Arif
Mulyawan, nama yang dimilikinya mungkin begitu familiar bagi 250 juta jiwa yang
tinggal di Indonesia. Nama yang Indonesia banget
kalau kata anak gaul jaman sekarang. Jika mendengar dari namanya saja,
mungkin tidak akan menarik, tetapi cerita yang telah dialami oleh pemilik nama
tersebutlah yang menarik.
Mungkin
kita sering mendengar cerita tentang seseorang yang dahulunya sering berbuat
maksiat, tetapi kini justru malah menjadi seorang ustadz. Kisah yang dialami
oleh Arif kurang lebih seperti itu. Ia pernah mengalami masa dimana ia dekat
dengan narkoba selama masa hidupnya, tetapi kini justru ia malah turut berperan
menjadi pembasmi narkoba.
Pria
penggemar warna biru ini lahir di Kota Serang, tepatnya 39 tahun lalu. Arif
menghabiskan masa kecil hingga dewasa di kota kelahirannya. Sebenarnya ia
sempat beberapa tahun hijrah ke kota yang sering disebut sebagai Kota Pelajar,
Yogyakarta. Tetapi nasib membawanya kembali ke tanah kelahirannya.
Seiring
berjalannya waktu, Arif kecil tumbuh dengan rasa kecintaannya terhadap alam
yang telah diciptakan oleh Tuhan YME sekaligus menjadi tempat ia menetap sejak
39 tahun silam. Kecintaannya terhadap keindahan alam selama ini, ternyata telah
membawanya untuk menyukai keindahan yang lain, keindahan buatan manusia, yaitu
seni.
Seni
bagi Arif, layaknya cat yang memberi warna di kanvas kehidupannya. Jika hidup
tanpa seni, mungkin diibaratkan seperti tinggal di dunia monochrome, hanya ada
dua warna, hitam dan putih. Tidak hanya dengan seni, ia juga melengkapi
kehidupannya dengan petualangan-petualangan baru, karena memang ia sangat
menyukai tantangan dan petualangan.
Kecintaannya
terhadap alam, tantangan, dan petualanganlah yang mambawanya akrab dengan para
pencinta alam. Baik itu pada masa-masa putih-abunya, hingga ia menyandang gelar
sebagai mahasiswa.
Dari
kelompok pecinta alam itulah iya mengenal ganja dan sejenisnya. Semua bermula
sejak tahun 1993. Arif yang pada saat itu masih duduk di bangku kelas 2 Sekolah
Menengah Atas (SMA) di salah satu SMA Negeri yag terletak di kawasan tembong,
Kota Serang, memilih untuk bergabung dengan kelompok Siswa Pecinta Alam
(Sispala).
Tidak
terpikirkan sebelumnya bahwa disana ia akan bertemu dengan para pengguna
narkoba, baik dari kelas paling rendah sampai pada tahapan pecandu. Arif yang
berperan sebagai anggota baru hanya dapat menonton senior - seniornya ketika
sedang menggunakan obat-obatan terlarang saja pada saat itu.
Penasaran,
itu yang dirasakan Arif selama menjadi penonton para pengguna narkoba di
kelompoknya. Tetapi Arif tidak meminta, ia hanya menunggu untuk ditawarkan.
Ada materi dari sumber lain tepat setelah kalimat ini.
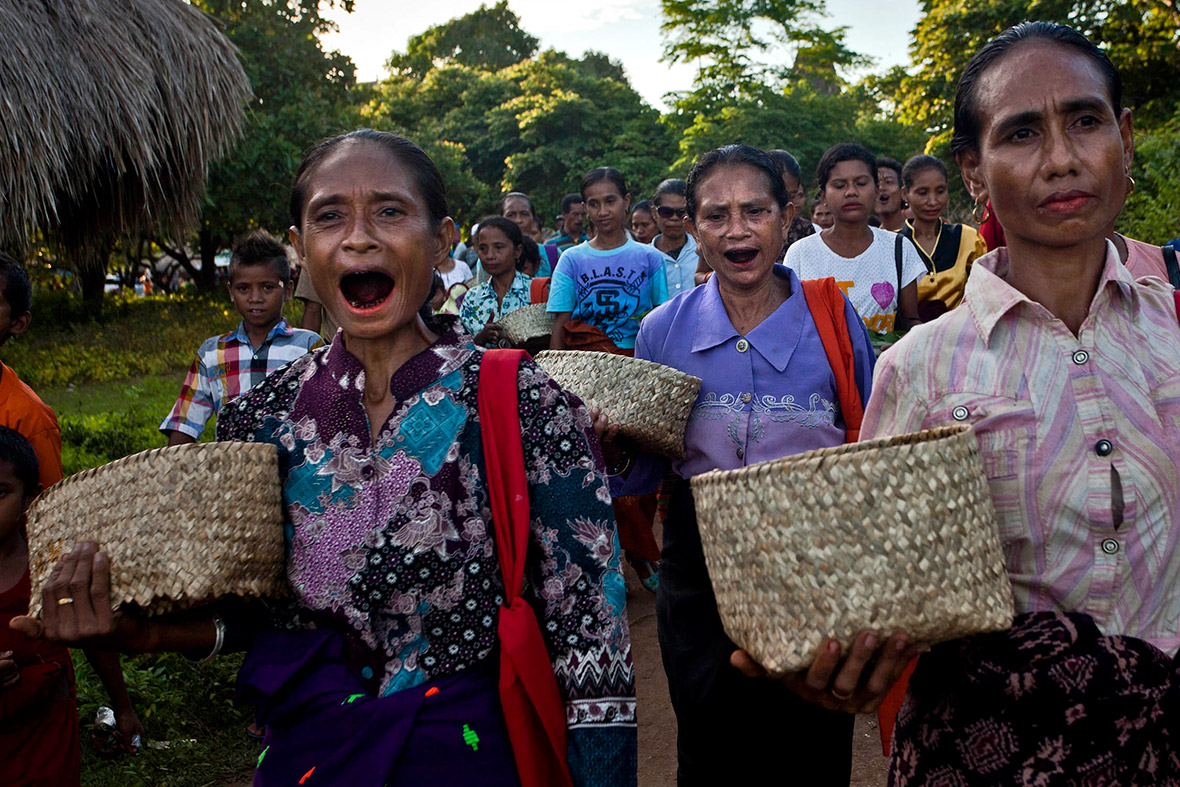 Villagers, their mouths stained with betel nut juice, perform a prayer ritual at the graves of their ancestors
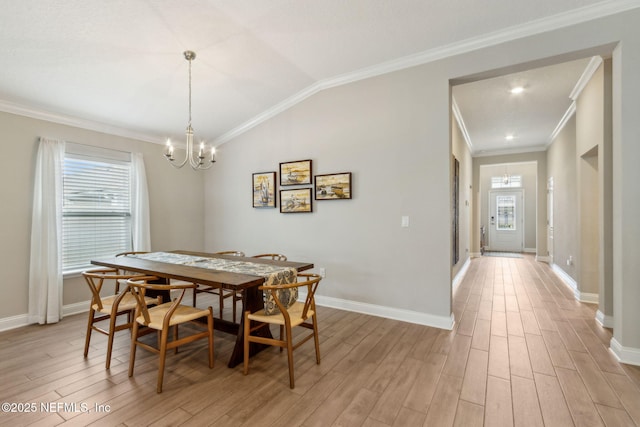 83316 Chapel Ct, Fernandina Beach, FL 32034 - dining space featuring a chandelier, light wood-style flooring, ornamental molding, and vaulted ceiling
Karena ia sendiri juga sebenarnya ragu, apakah benda tersebut boleh digunakan
atau tidak.
Dengan
latar belakang keluarga yang notabene orang-orang yang bergelut di dunia
pendidikan, serta tinggal di lingkungan yang cukup diajarkan ilmu agama,
sedikit menahan Arif untuk mencoba hal tersebut. Namun apa boleh buat, rasa
penasaran mengalahkan segalanya.
Bukan
hanya itu saja, dorongan untuk menjadi bagian dari kelompok Sispala seutuhnya
pun menjadi faktor yang mendorong Arif untuk pada akhirnya mau mencoba narkoba.
Ia tidak mengetahui apa dampaknya pada saat itu.
Seiring
berjalannya waktu, selama duduk di bangku SMA, itu menjadi sebuah kebiasaan
yang rutin dilakukan setiap harinya oleh Arif. Jika murid-murid lain pergi ke
kantin untuk membeli dan berbagi makanan, lain hal nya dengan Arif dan
kawan-kawan.
Di
belakang kantin tepatnya, pada masa itu tempat tersebut masih seperti hutan
belantara. Jadi wajar saja jika jarang ada yang datang kesana. Hanya Arif dan
kawan-kawan kelompoknya yang dengan asyik berbagi lintingan-lintingan ganja.
Mengkonsumsi
itu di sekolah apa diperbolehkan? Kalau dipergoki oleh guru bagaimana?
“Wong
terkadang ada guru saya yang ikut kumpul dengan kami kok” kata Arif sambil
tertawa.
Ada
satu orang guru Bahasa Inggris, perempuan. Ia terkadang ikut ngumpul bersama
Arif dan kawan-kawannya di belakang kantin sekolah. Bukan untuk memarahi atau
memberi hukuman, mereka hanya ngobrol seperti biasa. Layaknya teman sebaya yang
asyik menghabiskan waktu istirahat sekolah bersama.
Tetapi
tidak semua guru se asyik itu. Ada pula guru yang tidak menyukai apa yang
mereka lakukan. Pernah sekali waktu mereka dipanggil ke ruang Bimbingan
Konseling (BK). Tetapi yah, hanya teguran dan nasihat yang mereka dapatkan.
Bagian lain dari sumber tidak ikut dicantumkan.